Problem to solve: Return copies of the lines below that mention "show".
[Source records Boundary: Start]
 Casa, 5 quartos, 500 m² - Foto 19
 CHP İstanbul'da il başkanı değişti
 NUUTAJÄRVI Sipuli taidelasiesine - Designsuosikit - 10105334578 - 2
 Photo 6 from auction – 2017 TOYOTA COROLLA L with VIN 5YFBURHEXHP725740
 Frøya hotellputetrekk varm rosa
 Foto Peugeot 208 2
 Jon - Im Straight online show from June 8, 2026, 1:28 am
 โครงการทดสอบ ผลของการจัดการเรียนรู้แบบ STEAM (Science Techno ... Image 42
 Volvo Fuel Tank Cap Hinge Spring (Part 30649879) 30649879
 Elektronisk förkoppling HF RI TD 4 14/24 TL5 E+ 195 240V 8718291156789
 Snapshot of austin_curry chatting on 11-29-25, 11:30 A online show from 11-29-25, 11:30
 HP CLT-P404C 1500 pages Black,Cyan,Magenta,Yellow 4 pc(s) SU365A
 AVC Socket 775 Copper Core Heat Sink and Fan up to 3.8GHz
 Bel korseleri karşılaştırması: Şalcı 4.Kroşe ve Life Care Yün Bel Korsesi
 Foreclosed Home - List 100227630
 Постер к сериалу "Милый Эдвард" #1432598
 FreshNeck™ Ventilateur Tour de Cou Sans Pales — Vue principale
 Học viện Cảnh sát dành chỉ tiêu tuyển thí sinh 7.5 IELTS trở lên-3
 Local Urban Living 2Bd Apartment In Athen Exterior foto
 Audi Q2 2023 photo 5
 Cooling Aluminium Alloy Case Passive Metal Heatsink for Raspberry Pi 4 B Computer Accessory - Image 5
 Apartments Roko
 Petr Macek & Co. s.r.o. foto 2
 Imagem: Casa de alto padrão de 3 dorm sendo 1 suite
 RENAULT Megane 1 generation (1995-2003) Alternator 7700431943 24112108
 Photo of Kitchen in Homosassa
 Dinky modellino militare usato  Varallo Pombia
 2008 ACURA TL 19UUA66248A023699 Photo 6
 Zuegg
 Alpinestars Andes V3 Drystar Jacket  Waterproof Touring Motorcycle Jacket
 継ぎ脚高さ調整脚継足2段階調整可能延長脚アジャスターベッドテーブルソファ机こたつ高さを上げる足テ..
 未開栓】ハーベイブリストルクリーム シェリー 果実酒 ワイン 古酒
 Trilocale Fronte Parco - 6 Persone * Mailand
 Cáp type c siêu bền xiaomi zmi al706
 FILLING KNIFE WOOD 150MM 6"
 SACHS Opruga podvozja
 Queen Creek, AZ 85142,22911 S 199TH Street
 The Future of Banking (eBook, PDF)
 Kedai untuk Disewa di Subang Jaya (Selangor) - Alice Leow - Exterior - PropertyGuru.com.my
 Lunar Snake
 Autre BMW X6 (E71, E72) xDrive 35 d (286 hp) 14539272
[Source records Boundary: End]
Response:
 Jon - Im Straight online show from June 8, 2026, 1:28 am
 Snapshot of austin_curry chatting on 11-29-25, 11:30 A online show from 11-29-25, 11:30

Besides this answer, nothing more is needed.